The next time you think about working in a yard, I am sure your kids will get more than they bargained for and a few new neural connections to boot! Interaction with the natural world may even help boost their science scores! Here’s a few ideas:
§  If you live in an urban area, try a container garden! I live in a suburban area and have deer problems, so I container garden on my back porch. We even grew a watermelon!

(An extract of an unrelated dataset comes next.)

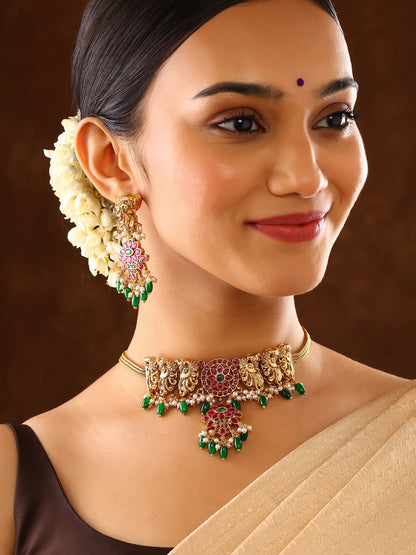 Peacock Ruby Attigai Necklace Floral Pattern with Drop Earrings Jewellery Set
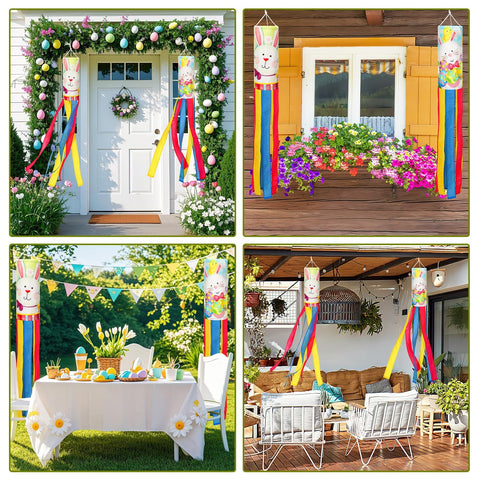 NOVWANG bunny windsocks egg design creates festive terrace focal point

§  Have your kids help design a flower or vegetable garden that they can call their own. Show them pictures on the web of what weeds look like and show them how to use the gardening tools.  
§  Identify native birds and animals. Build a birdhouse or feeder. 
§  Build a weather station. My family has done this several times with PVC piping and inexpensive supplies from a lawn and garden shop.
There are immediate health benefits to playing with nature.
§  The exercise! It may help get your kids out from in front of the TV and reduce their risk for obesity.
§  Fresh fruit or veggies will help teach kids how to eat a healthy diet. 
§  Improves hand and eye coordination and develops fine motor skills. 
So what are you waiting for? Grow something today!